A Framework for Modeling and Structural Vulnerability Analysis of Spatial Cyber-Physical Power Systems From an Attack–Defense Perspective

Abstract

This article provides a framework for modeling and analysis of spatial cyber-physical power systems (CPPSs). Previous studies on structural vulnerability analysis of CPPS mainly focused on network topology without any spatial information. In this article, we first propose a hierarchical information system evolution model for spatial power grids. Then, a spatial CPPS model is established by combining power and information systems that accounts for overlapped power and information lines. Finally, the structural vulnerability under global and localized failures is investigated based on direct current (dc) power flow. Under global failures, different types of components have distinguishing effects, and the power-node failure is the most serious case. For localized failures, key zones can be identified by the cascading failure scale, and similarly, different failure modes affect different areas.

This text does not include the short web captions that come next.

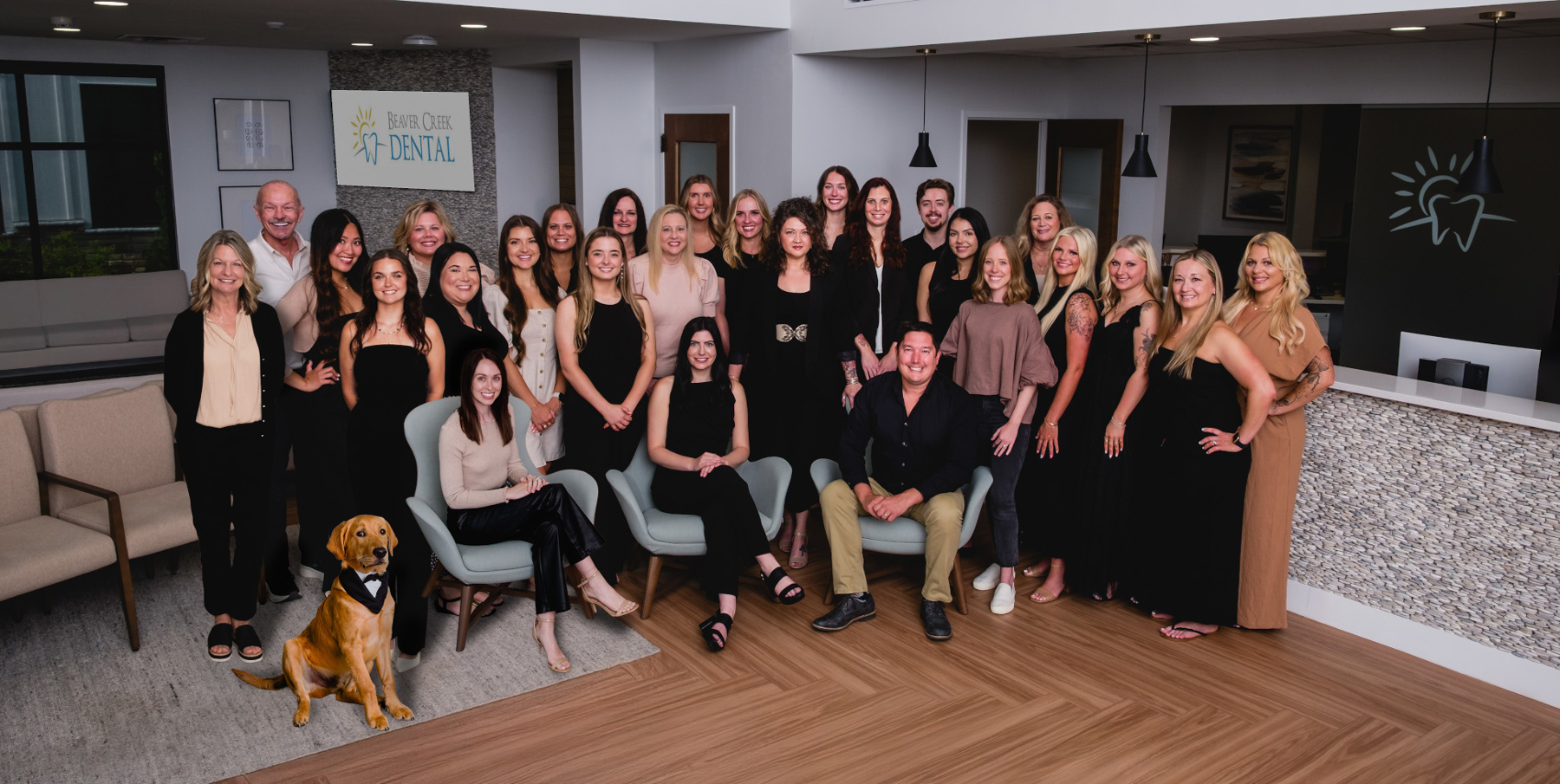 Beaver Creek Dental | Group photo of the Beaver Creek Dental team standing and seated together in the office lobby, with a golden retriever in a tuxedo sitting in front.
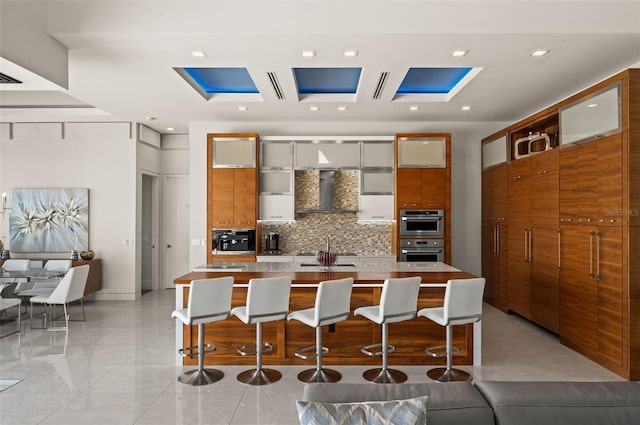 kitchen featuring backsplash, wall chimney range hood, stainless steel double oven, a skylight, and light tile patterned floors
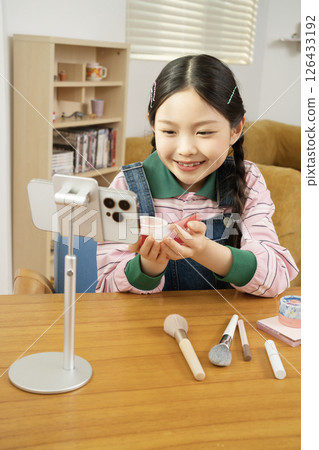 A cute child YouTuber who shoots beauty vlog content while holding his smartphone upright. A cute child YouTuber who shoots beauty vlog content while holding his smartphone upright. 126433192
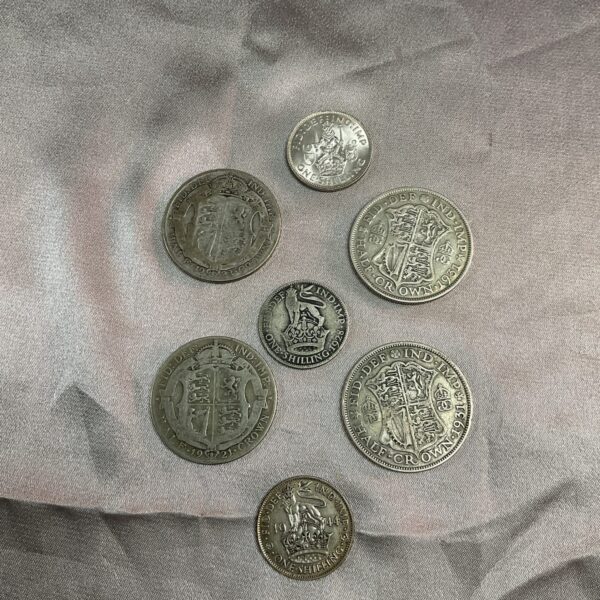 Lot of silver Half Crown coins, including a 1942 shilling.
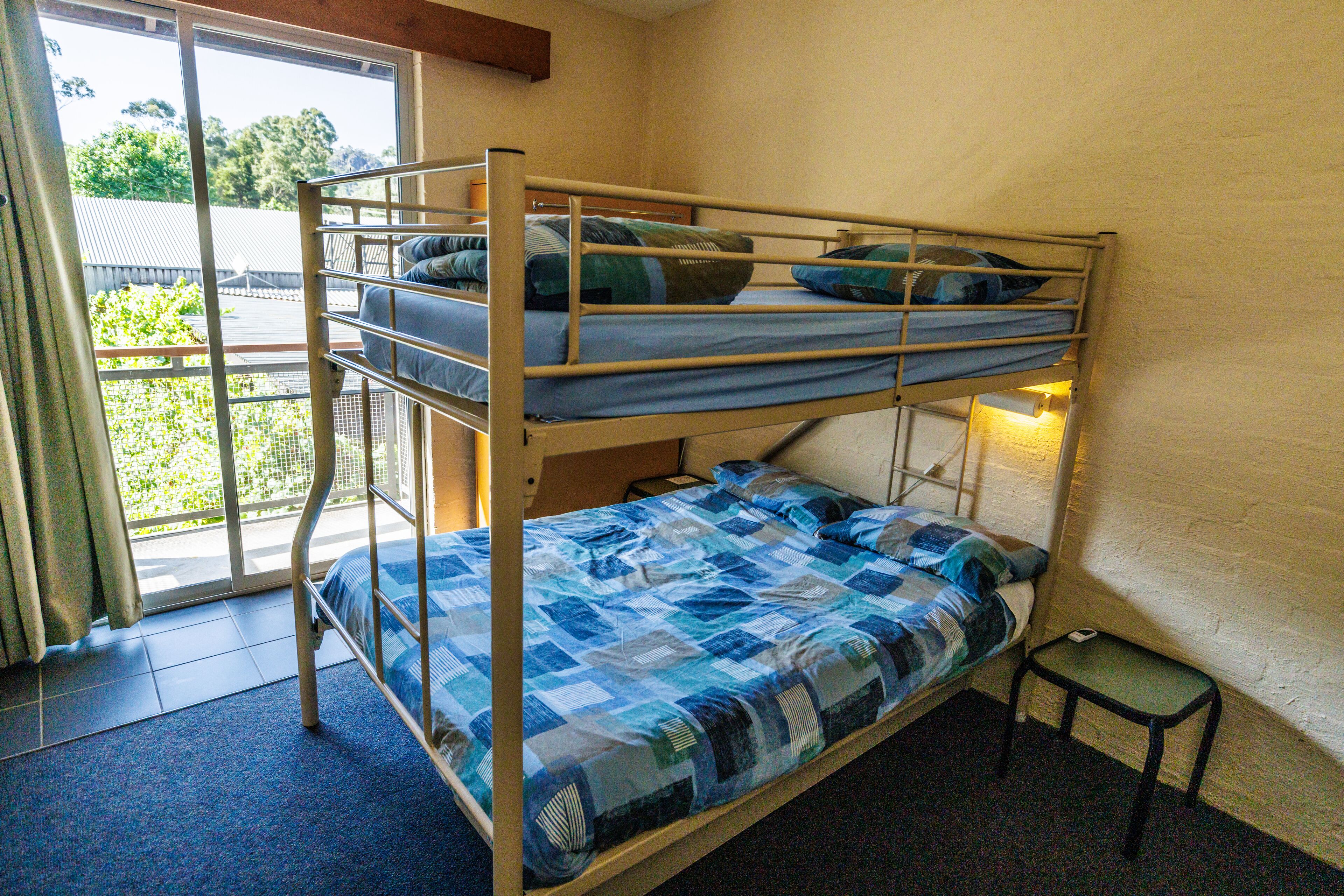A bunk bed with blue bedding, a small table, and a window with a view of greenery.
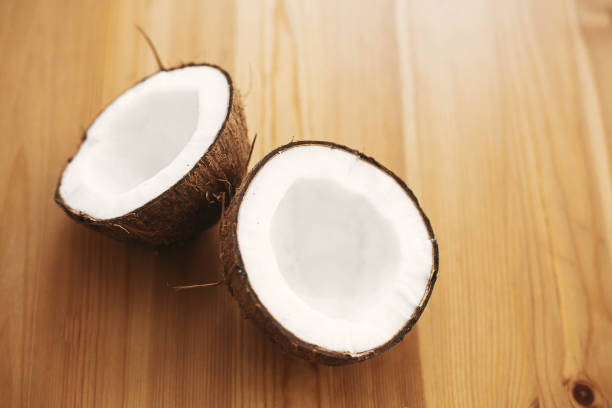 istock Halved coconut on wooden table, flat lay. Hello summer vacation concept. Space for text. Tropical background with coconut. Delicious nut, refreshing drink and oil source, tasty milk 1135598331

Furthermore, considering power system scenarios with only defenders and those with both attackers and defenders, we investigate two resource allocation situations. For defenders, increased resources and appropriately dispersed allocation can work effectively. However, in the attack-defense scenario, the perfect subgame equilibrium suggests that both attackers and defenders must concentrate all their resources on the most vulnerable zone. These findings may establish a foundation for future efforts to model and protect spatial CPPSs.